A Sociedade Goethe, fundada em 1885, contextualiza em um ambiente não universitário o discurso acadêmico sobre J. W. Goethe de forma interdisciplinar.
Manuscritos à vista
Exatamente daqui a um ano, em maio de 2006, será inaugurado o Museu de Literatura do Modernismo, no Arquivo de Literatura de Marbach. O edifício já está em pé, só falta o acabamento. Agora os estudiosos e arquivistas de Marbach estão escolhendo os manuscritos a serem expostos. Além do manuscrito original de O Processo, de Franz Kafka, o acervo a ser mostrado ao público deverá incluir documentos valiosos e curiosos do espólio de inúmeros escritores alemães, inclusive de Alfred Döblin e de Heinrich Hesse.
Pobre primo rico
Por ocasião da Feira de Livros de Basiléia, realizada pela terceira vez de 6 a 8 de maio, o editor suíço Egon Ammann comentou a situação do mercado editorial em seu país, comparando-o à Alemanha.
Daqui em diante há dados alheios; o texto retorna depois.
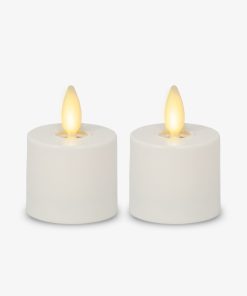 White Flameless Candle Tealights - Flat Top - Set of 2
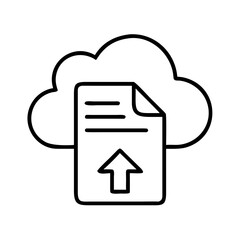 Cloud storage upload file document icon vector illustration for web design and mobile apps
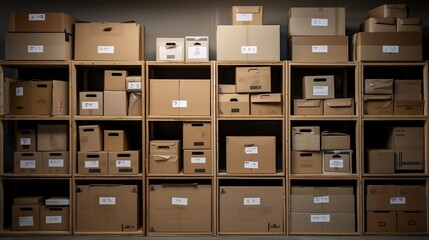 Rustic Storage Unit Filled with Neatly Stacked Boxes made with Generative AI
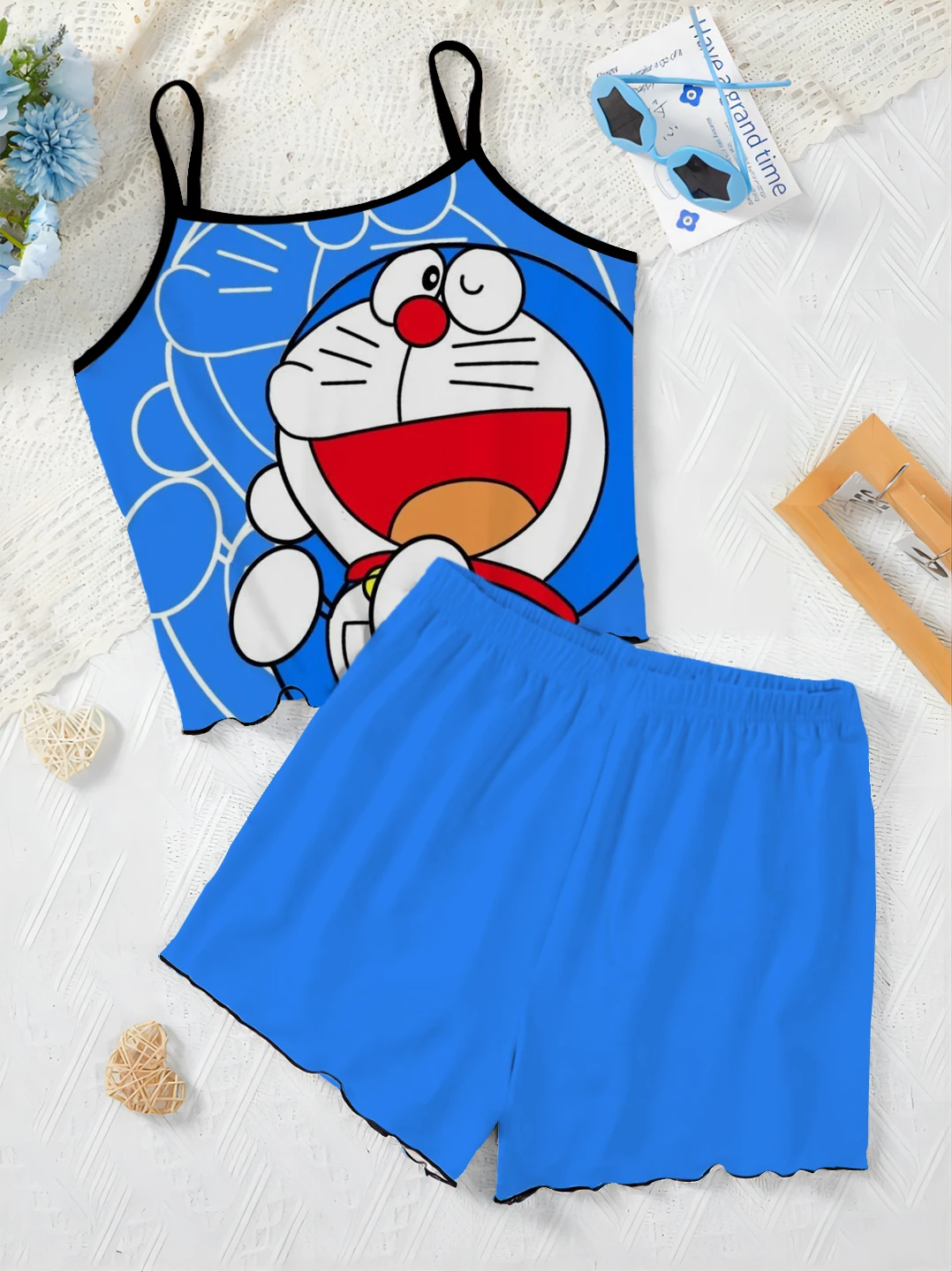 Lettuce Trim Slip Dress T-shirt Short Sets for Women 2 Pieces Vacation Outfits Woman 2024 Pajama Skirt Doraemon Top Women's Suit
Para Ammann, o editor suíço-alemão sofre por depender diretamente do mercado livreiro alemão, mas não ter acesso direto aos canais de distribuição internos do país vizinho.
A editora Ammann, com seu amplo programa de clássicos estrangeiros, inclusive títulos de Lima Barreto e Fernando Pessoa, entre outros escritores ibero-americanos, aposta no cânon literário. Para editores de literatura, afirma ele, a Suíça não é um ponto muito estratégico, considerando que a crítica literária de peso está concentrada em grande parte na Alemanha. Por outro lado, as livrarias suíças são extremamente solidárias, em se tratando de autores locais – um protecionismo que facilita a veiculação interna da literatura suíça.
Quanto às novas mídias, Ammann não acredita que o livro venha a ser substituído por nenhum outro produto: “O livro não é um modelo que está saindo de catálogo, muito pelo contrário. Quanto mais dependermos da eletricidade para nos entretermos comunicativamente e adquirirmos informação, o livro – com seus segredos, perguntas e respostas – tende a ser mais cobiçado ainda, enquanto o sol brilhar sobre nossas cabeças”.
Centro de reabilitação para Nobel
O Centro de Pesquisa Elfriede Jelinek, recém-fundado em Viena, pretende estimular os estudos sobre a obra da escritora austríaca portadora do Nobel de Literatura do ano passado. A idéia é criar um ponto de convergência para estudiosos que pesquisam a obra de Jelinek. O centro sediado na Universidade de Viena é financiado com verbas públicas e patrocínio privado.
"Sobretudo na Áustria é grande o ressentimento contra a escritora e sua obra", comenta Pia Janke, diretora do Centro de Pesquisa: "Queremos contribuir para aprofundar a discussão e garantir o acesso à informação".